Already, a special operation by the Nigerian Armed Forces, Police, Department of State Services and the Nigerian Security and Civil Defence Corps, is being put together to ensure that peace and stability is returned in the region.
The president is particularly optimistic that the Special Forces deployed in each of the local governments in Zamfara State would respond to the security challenges in the North-central and North-west. He hoped that the measures, among others, would be intensified to flush out the bandits from wherever they are.
It was against this development that the Nigerian Air Force deployed two attack helicopters to its base in Zamfara. The helicopters were received at the NAF 207 Quick Response Group, Gusau, and by the Commander, Group Captain Caleb Olayera, who noted that the facilities would help in tracking and arresting criminal elements disturbing the state.
The NAF consequently constructed two helipads at the base, in preparation for the combat helicopter gunships to be fully operational from Gusau and this would boost air operations within the state and environs.
The Air Officer Commanding, Special Operations Command, Air Vice Marshal Ismaila Kaita, said the Air Force would collaborate with other security agencies to tackle the security challenges in the state.
But opposition Peoples Democratic Party (PDP) has labelled the recent killings in the state as part of major failures of the administration.
In a statement by its spokesman, Kola Ologbondiyan, PDP said it shared in the anguish of the victims and relations of the slain, who daily live with the devastating trauma of the escalated bloodletting and killing of their loved ones, by marauders, who still roam the area “in spite of the propaganda and lip service by the Muhammadu Buhari administration.”

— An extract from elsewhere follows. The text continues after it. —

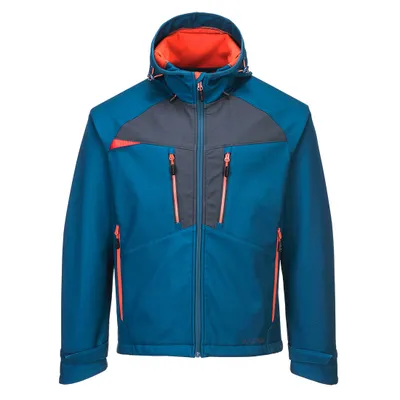 Image de Veste Softshell Dx4 Couleur : Bleu Metro Taille S - Portwest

The party said the ugly situation in the country is an undisputed testimony of the failure of President Buhari’s administration to provide adequate security for Nigerians, especially in the troubled states, despite his promises as well as the huge resources at his disposal to tackle insurgency.
Also, President of the Senate, Dr. Bukola Saraki has condemned the killings and described them as “barbaric and unacceptable.” Saraki said the killings were a major threat to the nation’s democracy, hence the need for security agencies to come up with a strategy to tackle the menace.
Speaking through his Special Adviser on Media and Publicity, Mr. Yusuph Olaniyonu, Saraki said the Zamfara killings were not getting enough attention from the media and the non-governmental organisations.
No doubt, Nigeria has had too many issues of insecurity and so, government must spare the citizenry the misfortune of yet another horror that is gradually building up in Zamfara by being proactive in addressing the killings.
Of course, there are many theories about the factors fuelling the crisis in the state, one of which is the speculation that the illegal mining of gold in the state by some highly placed persons is largely responsible for the increase in the bandits in the state as the foot soldiers used for the illegality are usually heavily armed to discharge their duties. It has also been identified as one reason the military operation in the state has not been effective because of vested interest.
This is why government must look beyond issuing terse statements or mere condemnation of the killings but get cracking with the ultimate goal of containing the menace of banditry.